The system prompt is appended to the default Claude Code system prompt. You can use it to specify the agent's personality, domain knowledge, preferred tools, coding standards, or any behavioral rules.
Model Selection
Each message you send can target a specific model family. The model selector appears in the composer toolbar next to the effort selector. The available models are:
| Model | Description |
|---|---|
| Opus 4.7 | Most capable. Best for complex, long-horizon work. |
| Sonnet 4.6 | Balanced speed and capability. |
| Haiku 4.5 | Fastest and cheapest. Good for quick or simple tasks. |
The first session of a new agent defaults to Opus. After that, Superagent remembers the model you last used per session and seeds the selector accordingly. You can also set a default model in the app-wide settings, which is used as the fallback when no prior session context exists.
Effort Level
The effort level controls how much thinking the agent does before responding. It is selected per message alongside the model:
| Level | Description |
|---|---|
| Low | Fastest. Minimal thinking, terse answers. |
| Medium | Balanced thinking and response depth. |
| High | Default. Thorough planning and explanations. |
| Extra High | Deep reasoning for long-horizon work (Opus only). |
| Max | Highest effort (Opus only). |
Extra High and Max are only available when the Opus model is selected. If you switch to a model that does not support the current effort level, it automatically resets to High.
Settings Dialog
Open agent settings by clicking the gear icon on the agent home page. The settings dialog has several tabs:
General
- Agent Name -- rename the agent.
- Template Status -- if the agent was installed from a skillset template, shows whether it is up to date, locally modified, or has updates available. You can force-sync, submit changes back to the skillset, or publish as a new template.

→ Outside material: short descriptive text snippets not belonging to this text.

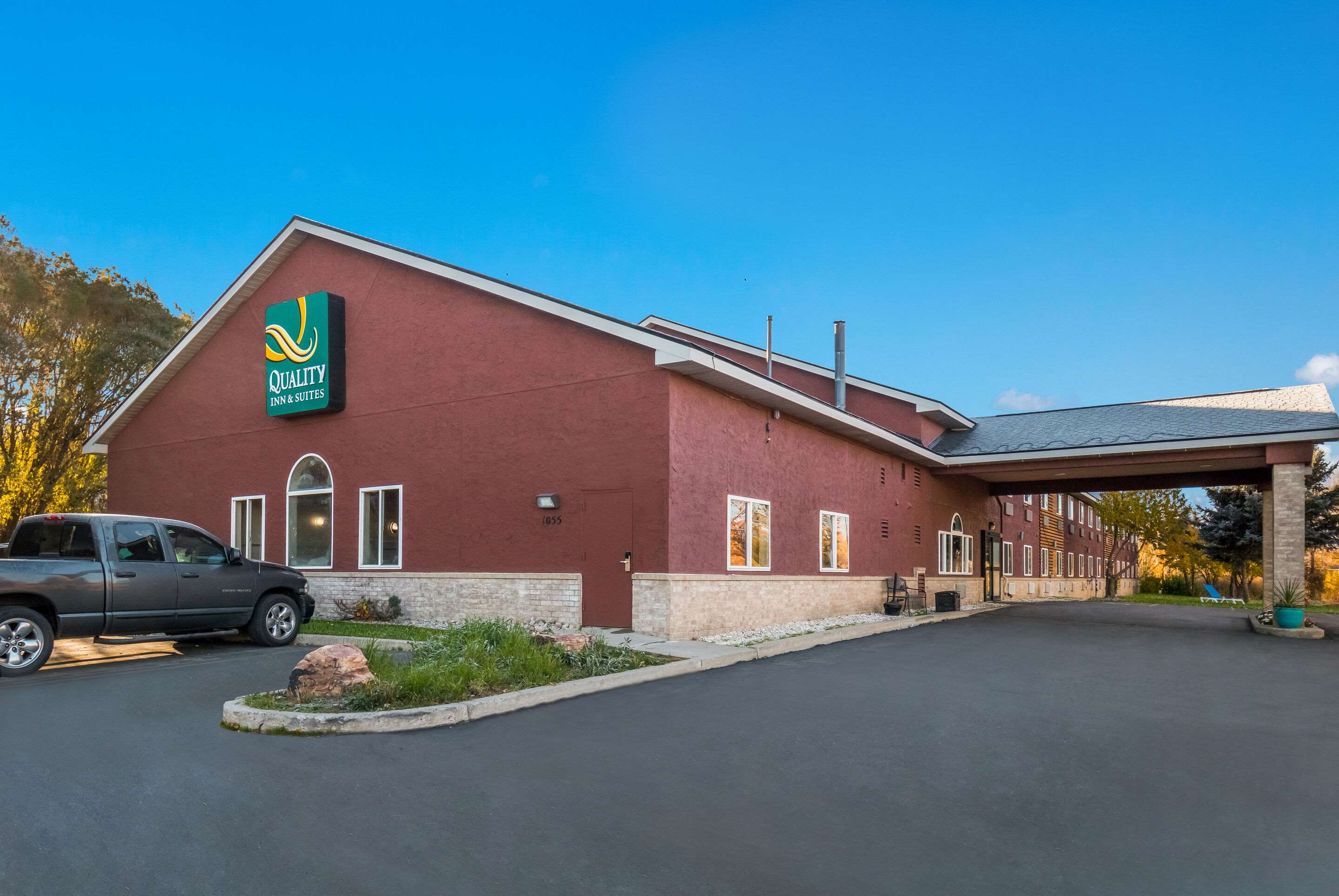 Hotel exterior | Quality Inn & Suites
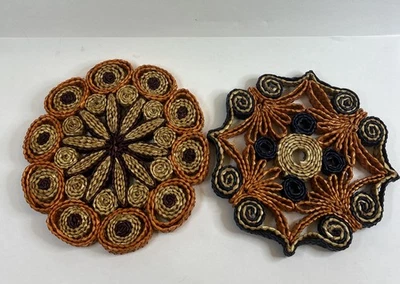 Set of 2 Vtg Straw Rattan Woven Trivets 7" Braided Kitchen Hot Pads Boho Decor - Image 1 of 4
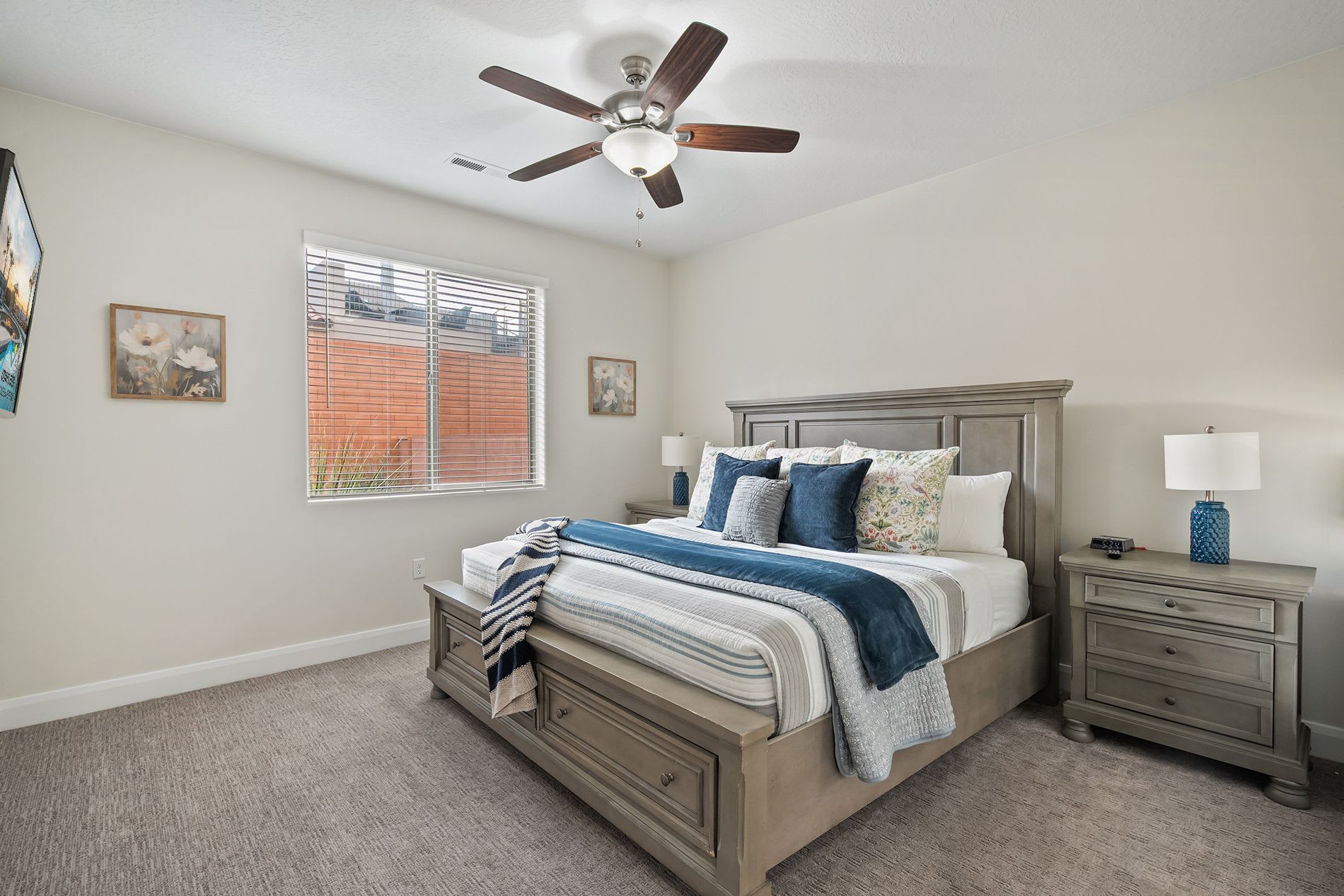 King bedroom with ensuite bathroom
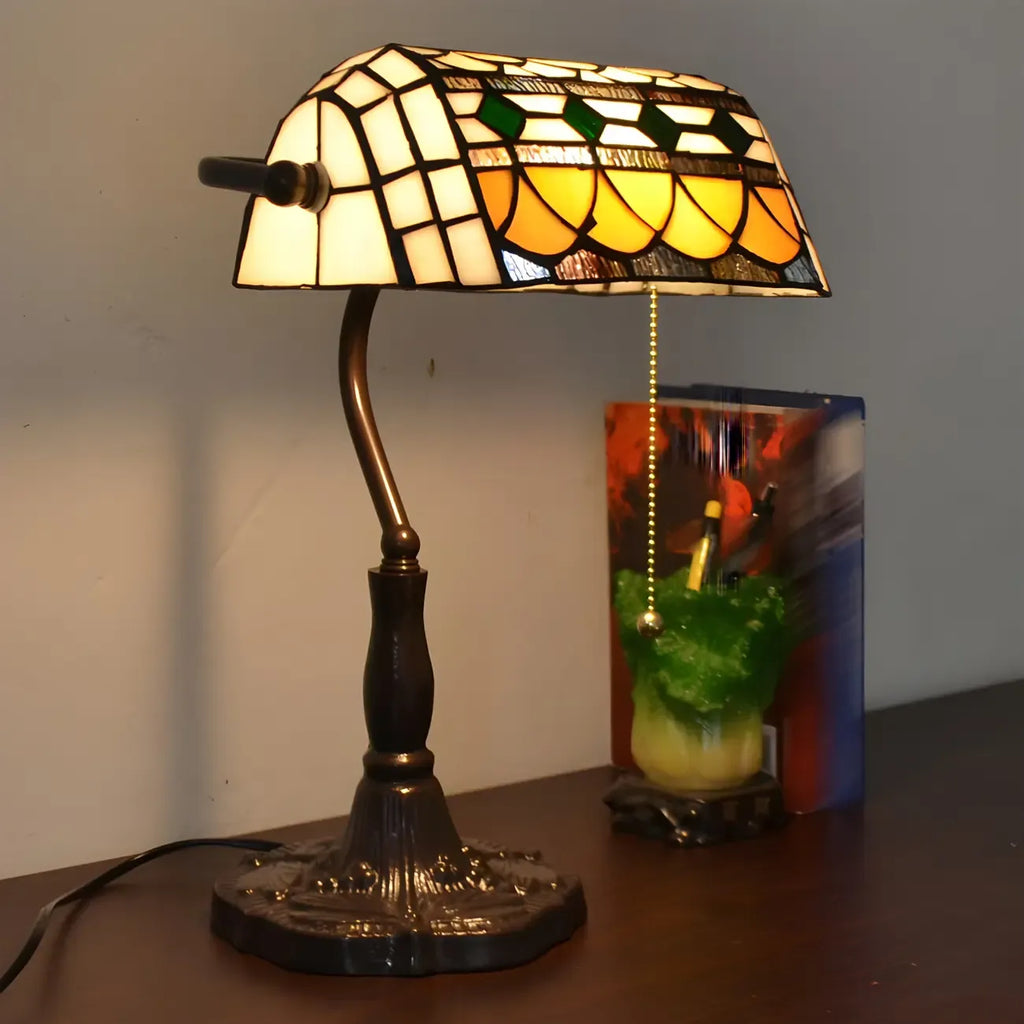 Lampe de table rétro HomeyFad en vitrail LED, style banquier, avec chaînette.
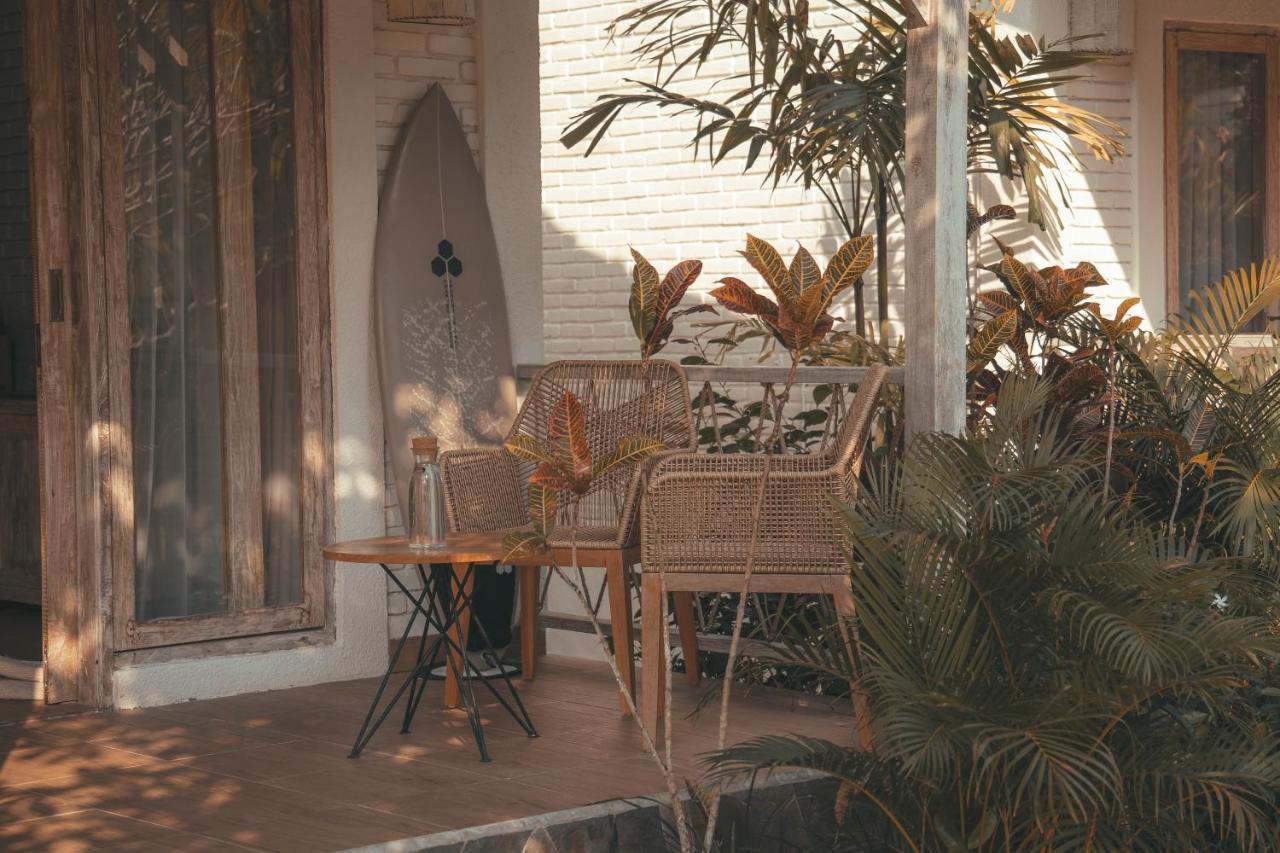 Cari Surf Camp & Studio'S Uluwatu Exterior foto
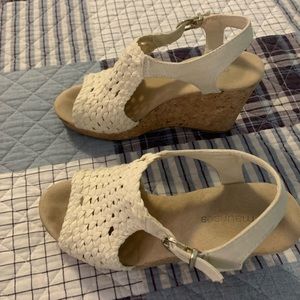 Wedge sandals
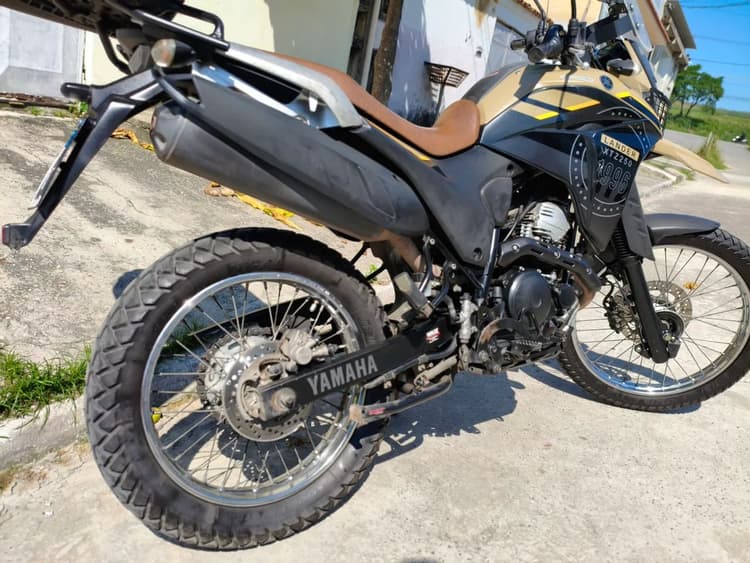 Lander em Perfeito Estado de Conservação 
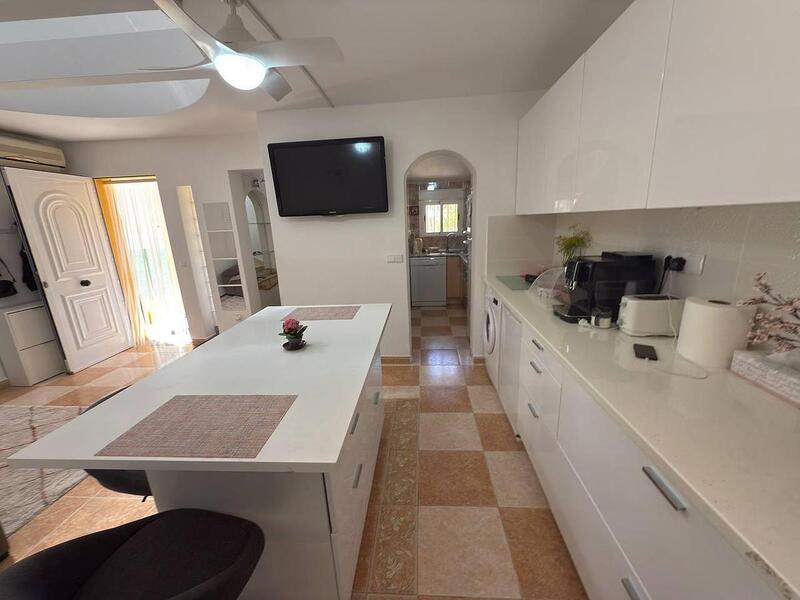2 bedroom Townhouse for sale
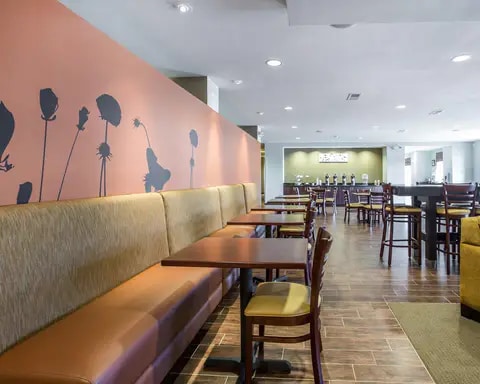 Breakfast room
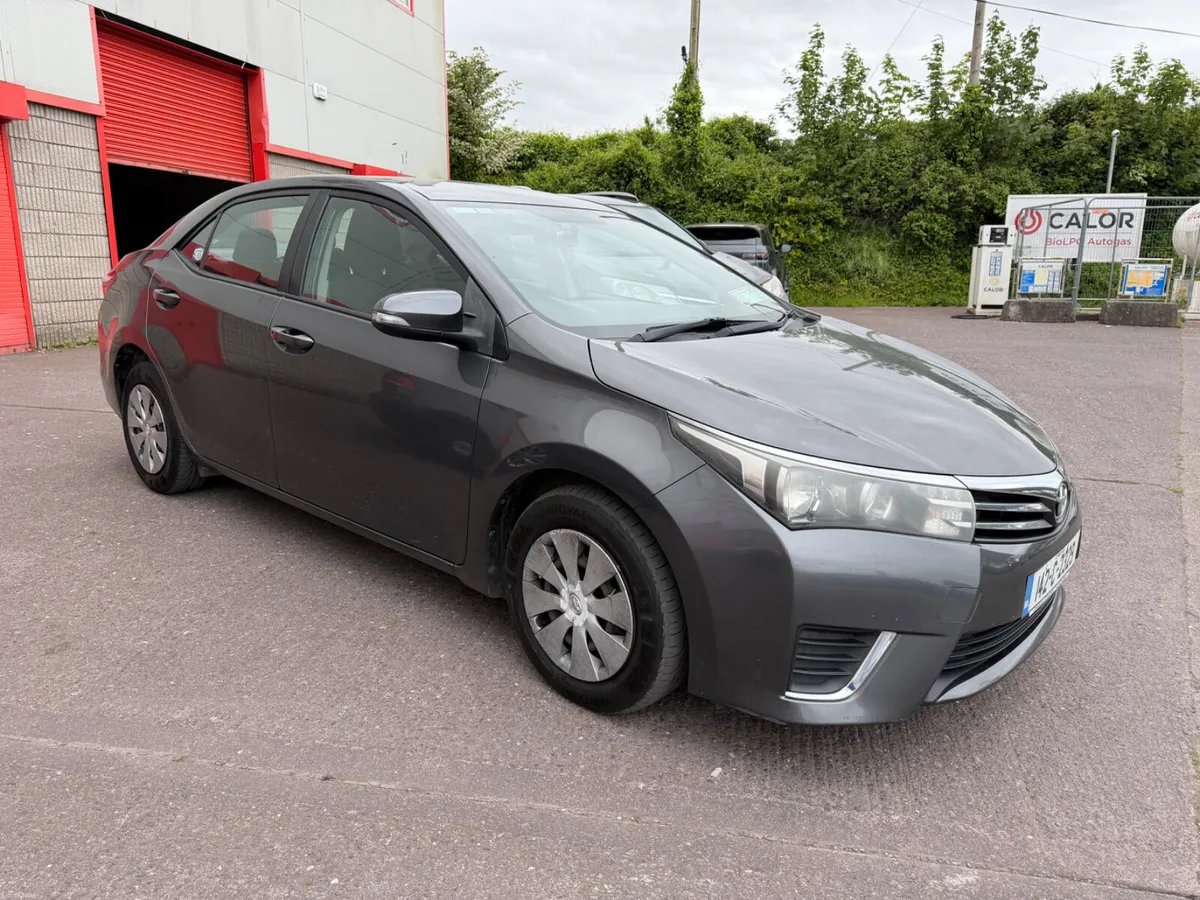 2014 Toyota Corolla - Image 1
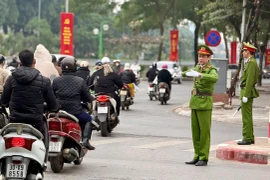 đến các tuyến đường hướng về cửa ngõ...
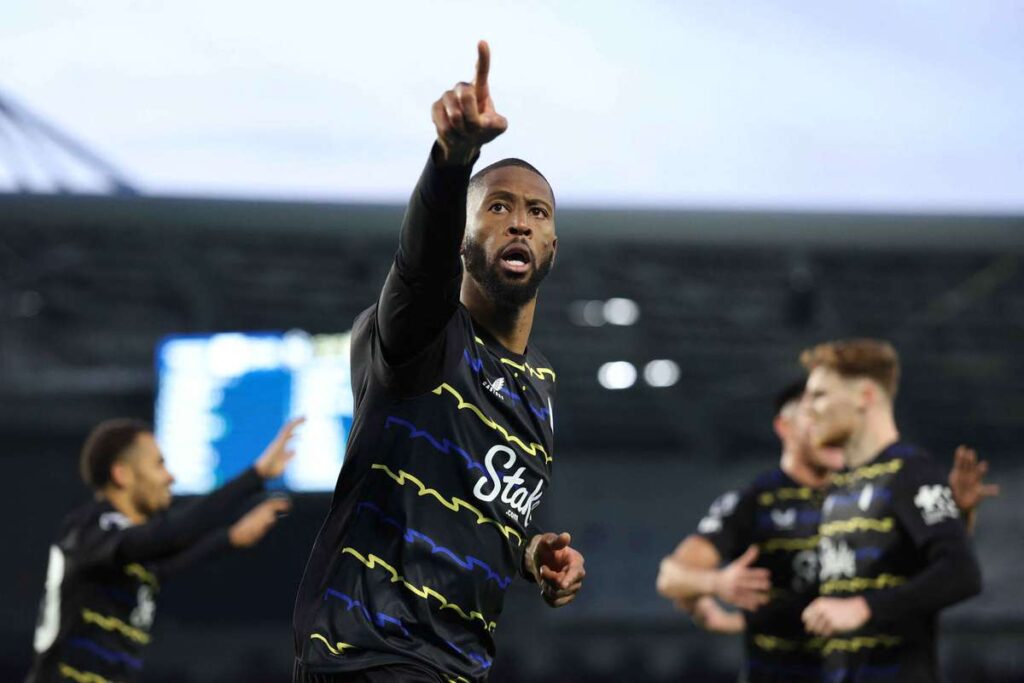 Бето спас Эвертон от ничьей в добавленное время против Брайтона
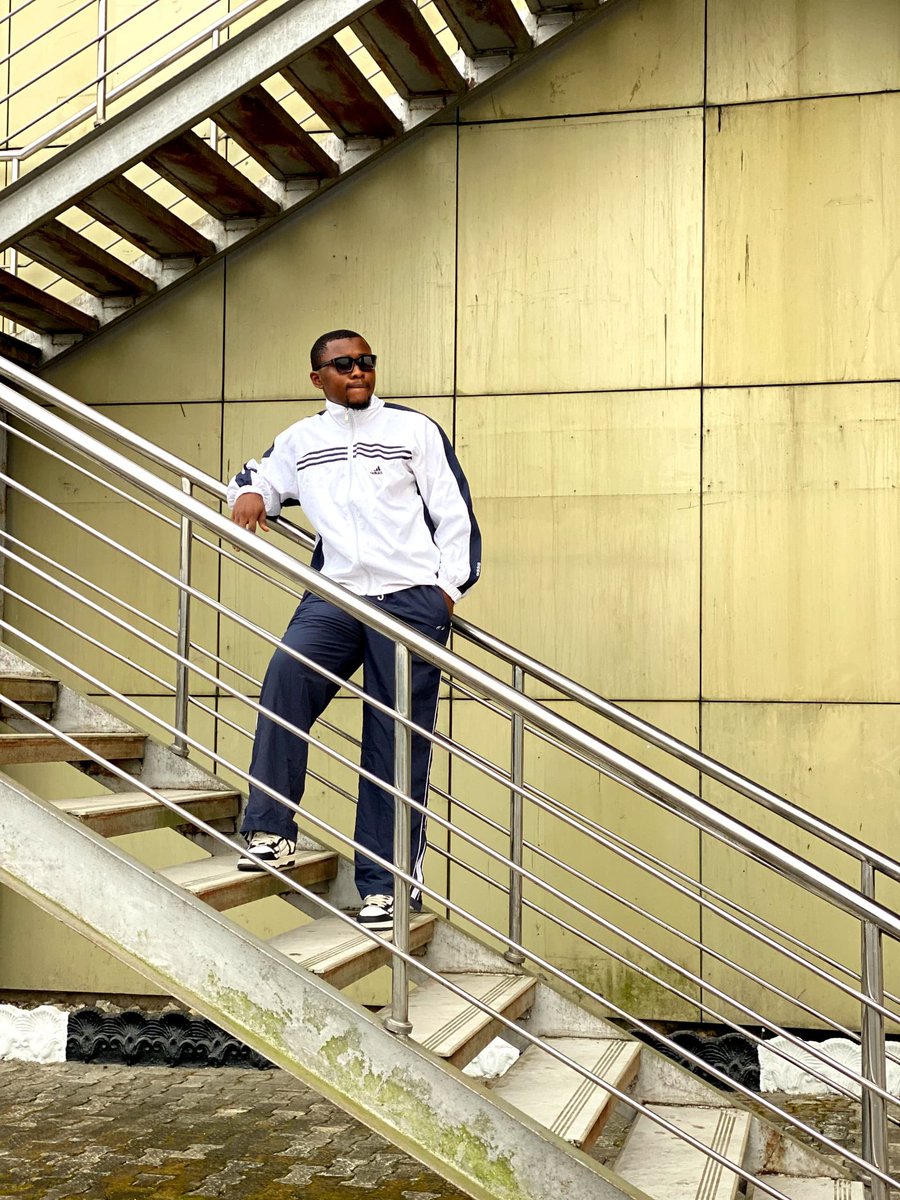 mitchelbenp's tweet image. Happy New Month y'all
God bless the month for us
@follower @topfans 
#HIGHLIGHT #commenter #PICTURES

- Export -- export the agent as a shareable template (instructions and skills only) or as a full agent archive (includes secrets and workspace data).
- Session Auto-Delete -- override the app-wide auto-delete policy for this agent. Inactive sessions older than the configured number of days are automatically removed. Starred sessions are always preserved.
- Danger Zone -- permanently delete the agent and all its data.
Secrets
Manage encrypted environment variables that are injected into the agent's container. See Secrets for details.
Agents (Cross-Agent Policies)
Configure policies for how other agents can invoke this agent using the multi-agent tool. See Multi-Agent for details.
Access (Auth Mode Only)
When running Superagent with authentication enabled, the Access tab lets owners manage role-based permissions. Agents support three roles:
- Owner -- full control, including settings, secrets, and deletion.
- User -- can create sessions and send messages.
- Viewer -- read-only access to view session history.
Agent Home Page
The agent home page is the central hub for interacting with an agent. It includes:
- Composer -- type a message to start a new session. Supports file attachments, voice input, and drag-and-drop.
- Sessions list -- all past sessions, sortable by newest or oldest, with search filtering. See Sessions.
- Bookmarks -- links and files pinned by the agent during conversations.
- Triggers -- scheduled tasks and webhook triggers for automation. See Automation.
- Connections -- connected OAuth accounts for external services. See Integrations.
- Skills -- installed skill extensions.
- Volumes -- mounted host folders. See Volumes and Mounts.